4. Deployment Strategy (Initial)

• 4.1 Cloud Environment Setup (AWS/GCP Free Tier):
  • Set up VPC, subnets, security groups.
  • Provision free tier instances (EC2 t2.micro / GCP e2-micro) for backend application.
  • Provision free tier managed database (RDS/Cloud SQL PostgreSQL).
  • Provision free tier managed cache (ElastiCache/Memorystore Redis).
  • Configure S3/Cloud Storage bucket for static frontend assets.
  • Configure CloudFront/Cloud CDN for serving frontend assets.
  • Set up DNS records.
• 4.2 Containerization (Docker):
  • Create Dockerfile for the Node.js backend application.
  • Use Docker Compose for local development environment setup (backend, DB, cache).
  • Deploy backend application as a Docker container on cloud instances.
• 4.3 CI/CD Approach (Conceptual):
  • Use GitHub Actions or GitLab CI/CD.
  • Pipeline triggers on push to main/develop branches.
  • Steps: Install dependencies, Run linters/formatters, Run unit/integration tests, Build Docker image, Push image to registry (Docker Hub, ECR, GCR), Deploy image to cloud instances (e.g., using SSH, or cloud-specific deployment tools).
• 4.4 Monitoring and Logging Approach:
  • Use cloud provider's basic monitoring (CloudWatch/Cloud Monitoring) for CPU, memory, network.
  • Implement structured logging within the Node.js application (e.g., using Winston or Pino), outputting logs to stdout/stderr for container log collection.
  • Set up basic health checks on the load balancer.

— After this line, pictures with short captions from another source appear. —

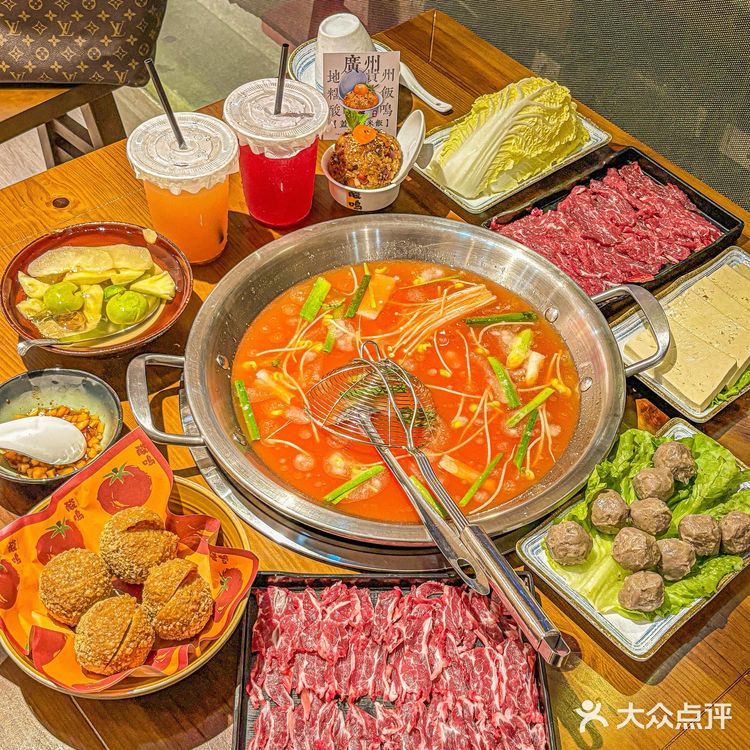 在上下九！打卡正宗酸汤火锅🍲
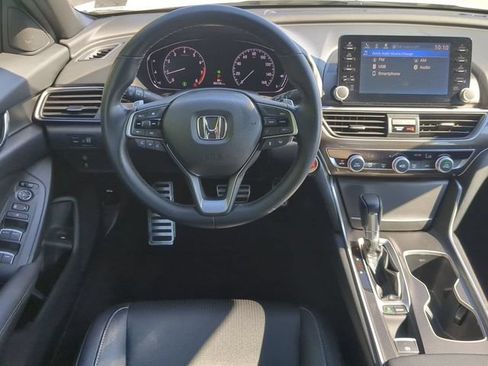 Used 2019 Honda Accord Sport image 14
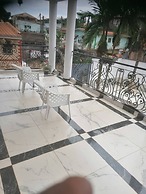 Maison Blanche Biteng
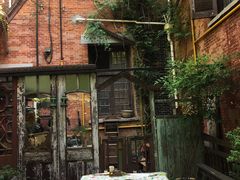 -古董花园(思南路42弄小区店)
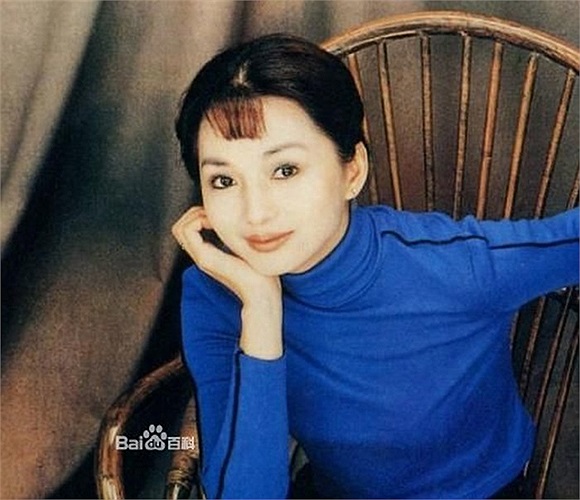 Tuy nhiên, vụ tai nạn giao thông ngày 1/1/2000 đã khiến cô ra đi vĩnh viễn.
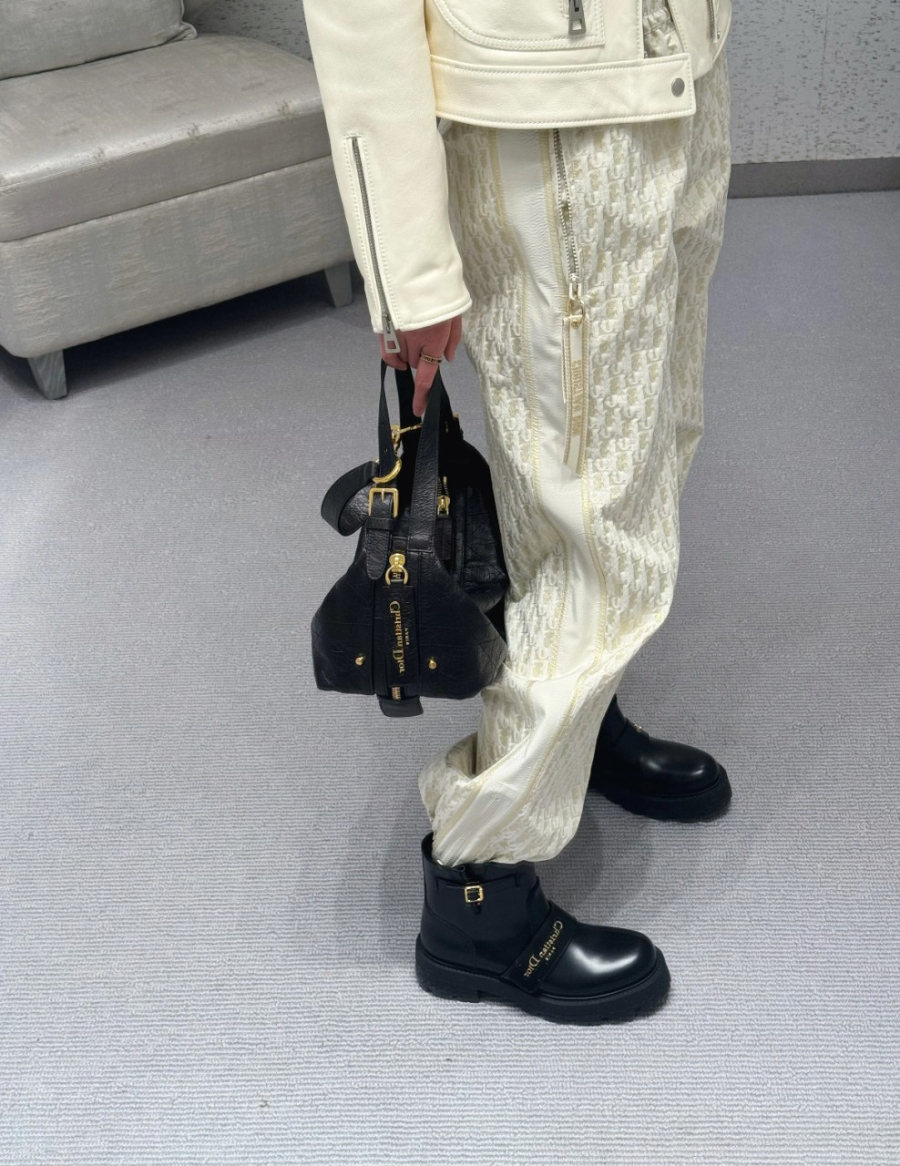 하얀악마 레플리카 디올 부츠 (1).jpg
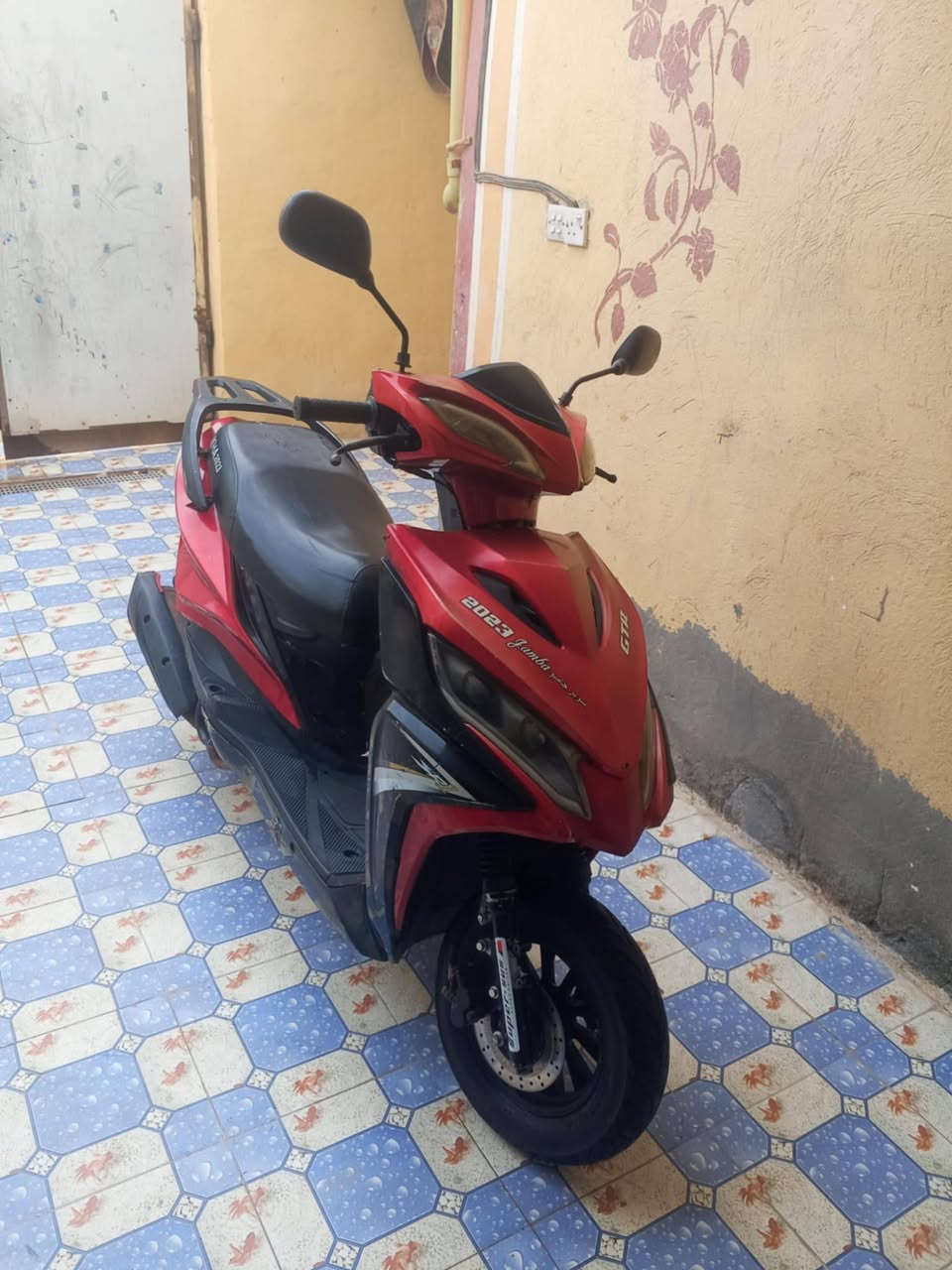 دراجه جامبو للبيع السعر 300 وبيها مجال اللي يريدها يدق على هذا الرقم***********
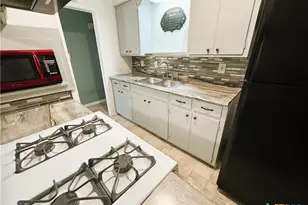 1505 E Polk Ave, Victoria, TX 77901 - Photo 12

5. Design Decisions and Rationale

• Monolith vs. Microservices: Chose structured monolith for MVP due to small team size and faster initial development, but designed for future separation.
• Node.js Backend: Leverages JavaScript ecosystem consistency and performance benefits of non-blocking I/O.
• PostgreSQL: Robust RDBMS with needed features (JSONB, PostGIS) and good cloud support.
• React/Flutter: Popular, well-supported frameworks for web and cross-platform mobile development.
• OpenStreetMap: Cost-effective mapping solution for MVP.
• Cloud Free Tiers: Minimizes initial infrastructure costs.
• JWT Authentication: Standard, stateless authentication mechanism suitable for APIs.
• API Key for Merchants: Simple authentication method for B2B API integration.